_About this exercise_
Using only the entries below, copy exactly the lines that begin at the one with "Los Angeles, California, USA" and end at the one with "Grooming Combs GEMEK", both included. Drop the pictures.

Items from a dataset
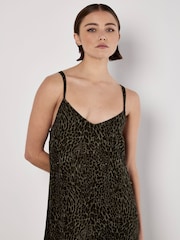 Apricot Green Animal Print Viscose Crepe Dress - Image 3 of 5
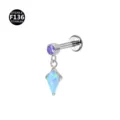 F136 Titanium Labret Stud With Purple Gem Blue Opal Kite Dangle Body Piercing Jewelry - OP26 + Purple Zirconia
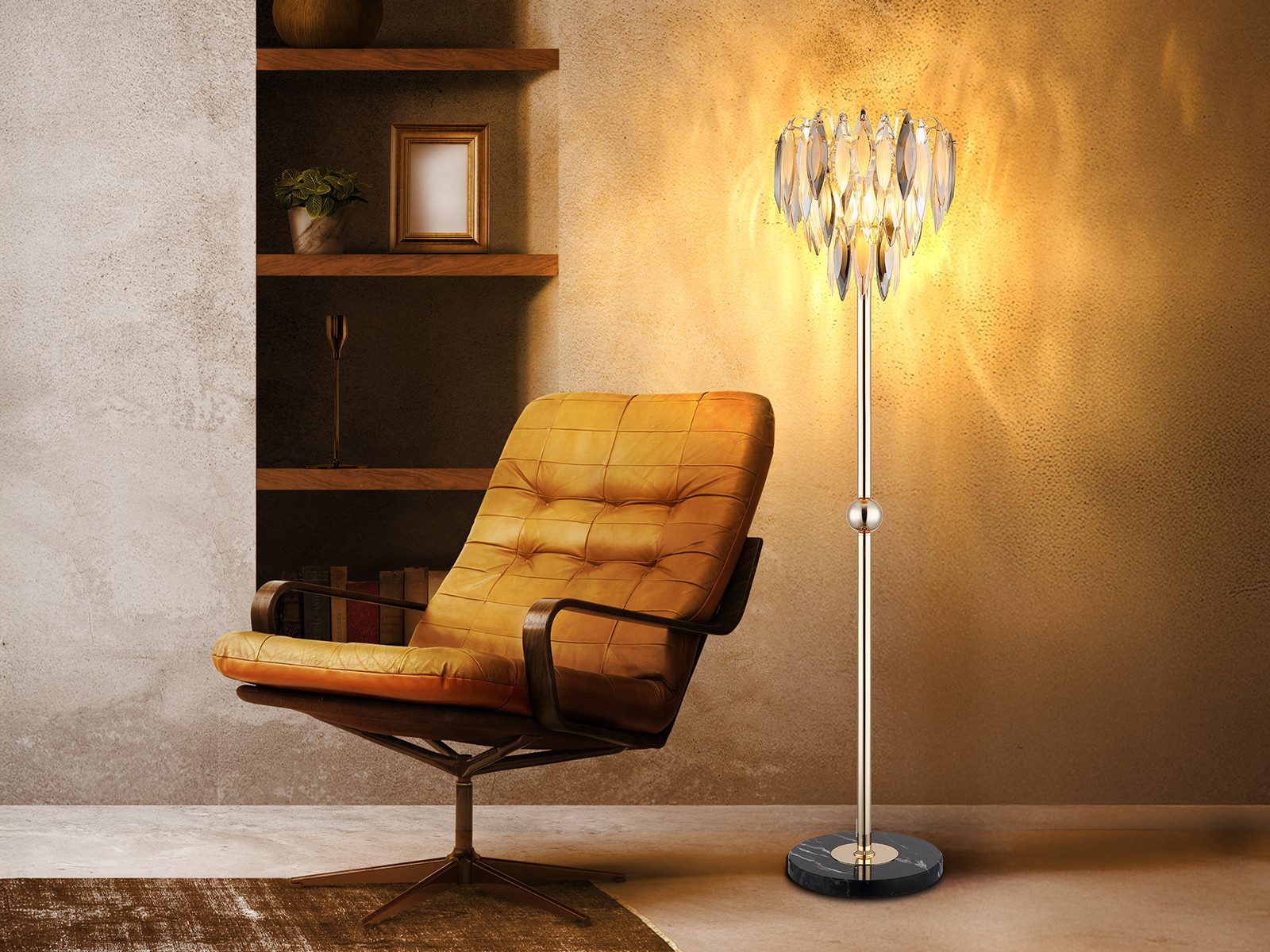 GLOBO LIGHTING LED Stehlampe mit K9 Kristall 3-farbig, Höhe 165cm, Dimmfunktion, LED wechselbar, Warmweiß, ausgefallene moderne Designer Lampe stehend inkl. LED Leuchtmitteln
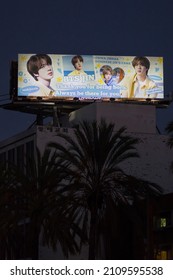 Los Angeles, California, USA - January 1, 2022 - Chinese fans and fan group "China Jin Bar" of BTS aka ARMY run a billboard ad on Wilshire Blvd for group member Jin aka Worldwide Handsome's birthday.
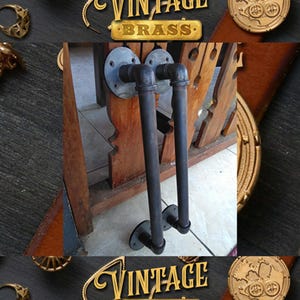14.9&quot; Set of Vintage Black Pipe Door Pull | Main Entry Door Handle | Unique Solid Brass Door Handle Express Ship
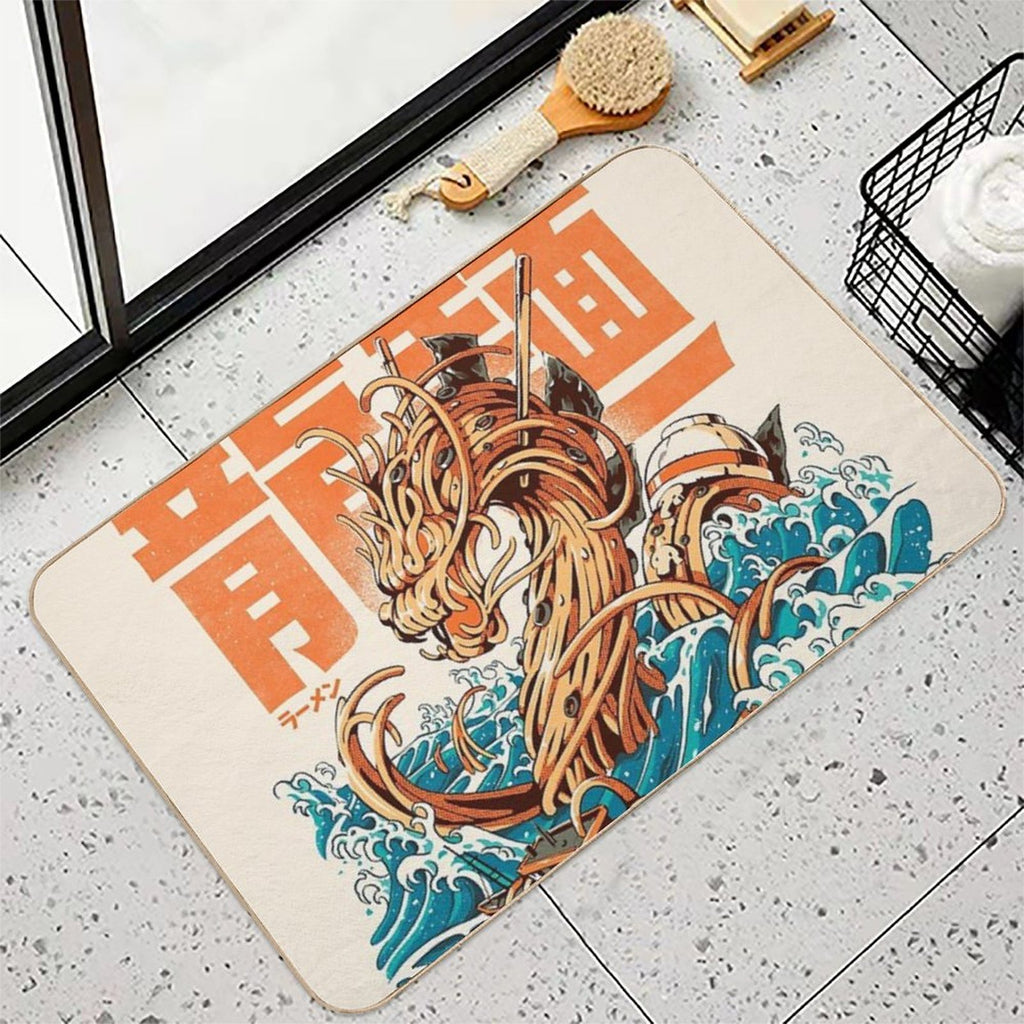 Great Ramen Dragon Off Kanagawa  Non-Slip Bath Mat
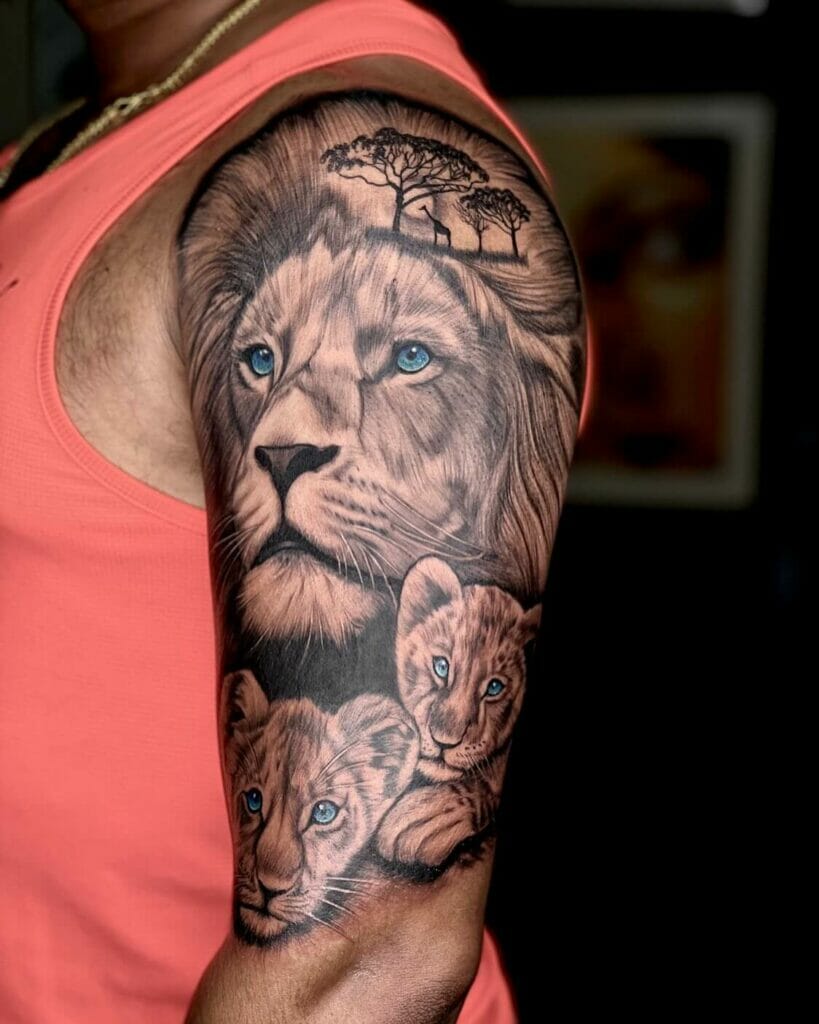 Lioness And Cub Tattoo Design For Upper Arm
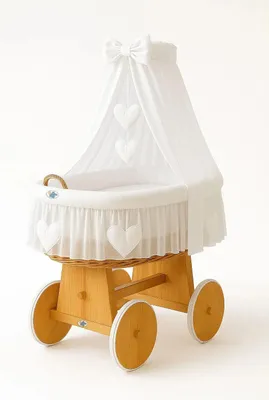 Image de MY SWEET BABY lit de bébé en fibres naturelles blanc avec baldaquin et matelas PREMIUM
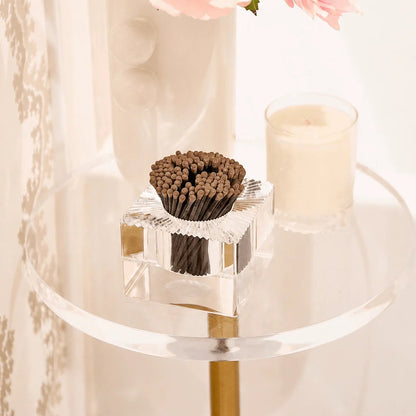 Square Acrylic Match Striker with Espresso Matches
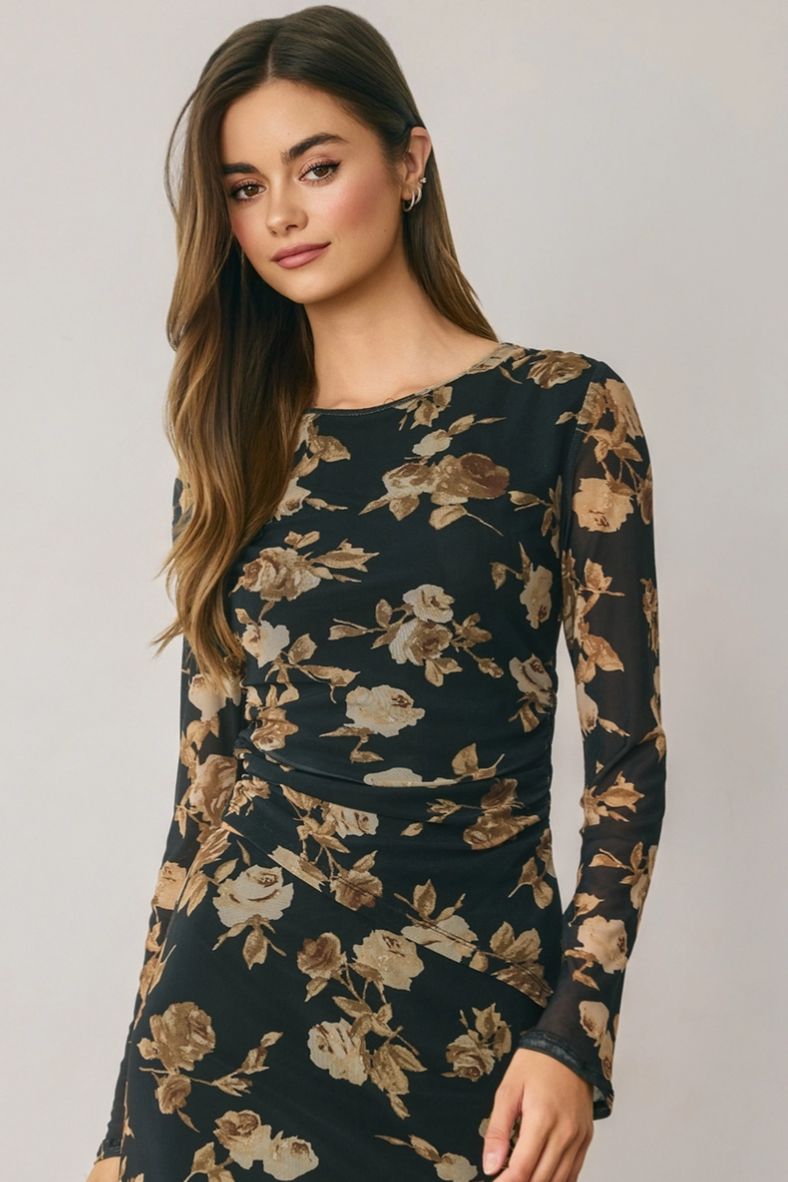 •SYLVIA• floral mesh asymmetric top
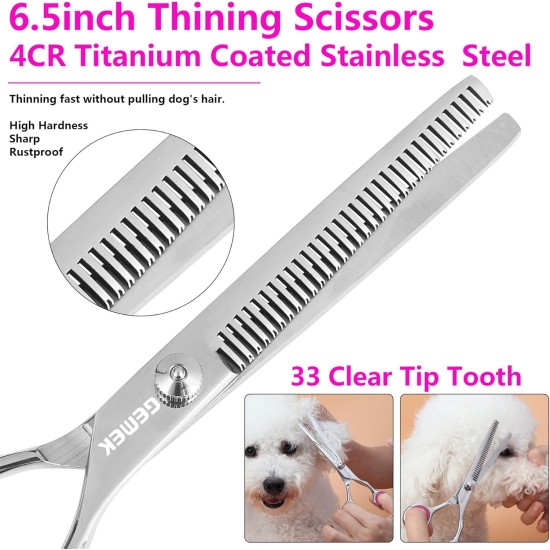 GEMEK Pet Cat Dog Grooming Scissors Set of 4 Stainless Steel Professional Pet Trimmer Kit - 7.5 Inch Straight Scissors, Thinning Scissors, Curved Scissors, Grooming Combs GEMEK Pet Cat Dog Grooming Scissors Set of 4 Stainless Steel Professional Pet Trimmer Kit - 7.5 Inch Straight Scissors, Thinning Scissors, Curved Scissors, Grooming Combs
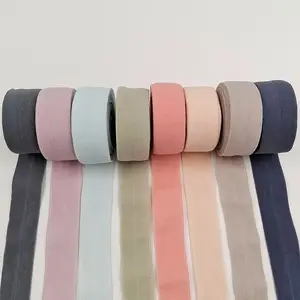 Clothes Underwear Soft Twill Fold Over Elastic Webbing Belt Garment Nylon Bias Binding Edge Sewing Webbing Tape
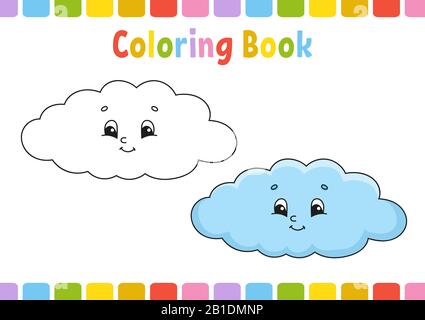 Malbuch für Kinder. Fröhlicher Charakter. Vektorgrafiken. Niedlicher Cartoon-Stil. Hand gezogen. Fantasy-Seite für Kinder. Isoliert auf weißem Backgrou Stock Vektor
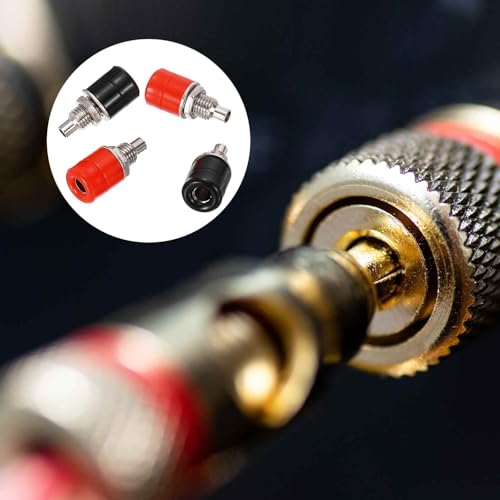 Pack 8 conectores Banana Jack para panel rojo y negro miniatura 4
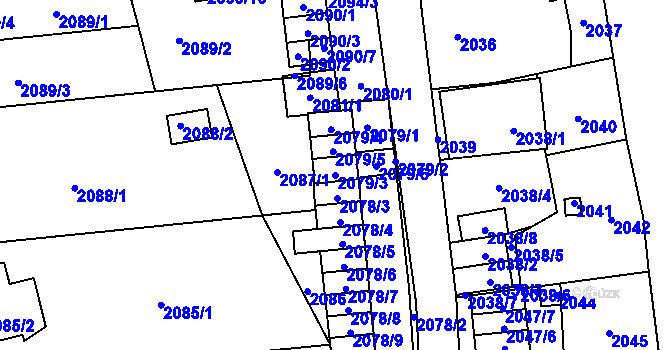 Parcela st. 2079/3 v KÚ Jihlava, Katastrální mapa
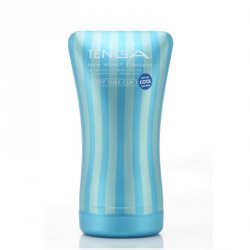 Мастурбатор Tenga Cup Soft Tube Cool с охлаждающим эффектом - голубой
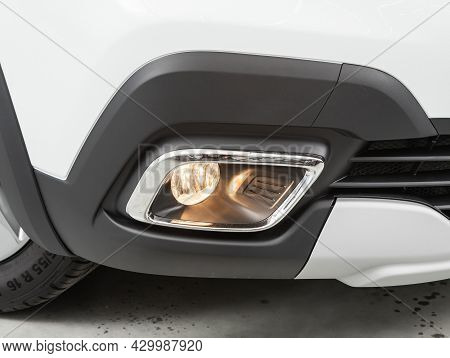 Novosibirsk, Russia - July 15, 2021:   Renault Logan Crossway, Close-up Of Fog Lights In The Bumper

_Expected answer_
 Los Angeles, California, USA - January 1, 2022 - Chinese fans and fan group "China Jin Bar" of BTS aka ARMY run a billboard ad on Wilshire Blvd for group member Jin aka Worldwide Handsome's birthday.
14.9&quot; Set of Vintage Black Pipe Door Pull | Main Entry Door Handle | Unique Solid Brass Door Handle Express Ship
 Great Ramen Dragon Off Kanagawa  Non-Slip Bath Mat
 Lioness And Cub Tattoo Design For Upper Arm
 Image de MY SWEET BABY lit de bébé en fibres naturelles blanc avec baldaquin et matelas PREMIUM
 Square Acrylic Match Striker with Espresso Matches
 •SYLVIA• floral mesh asymmetric top
 GEMEK Pet Cat Dog Grooming Scissors Set of 4 Stainless Steel Professional Pet Trimmer Kit - 7.5 Inch Straight Scissors, Thinning Scissors, Curved Scissors, Grooming Combs GEMEK Pet Cat Dog Grooming Scissors Set of 4 Stainless Steel Professional Pet Trimmer Kit - 7.5 Inch Straight Scissors, Thinning Scissors, Curved Scissors, Grooming Combs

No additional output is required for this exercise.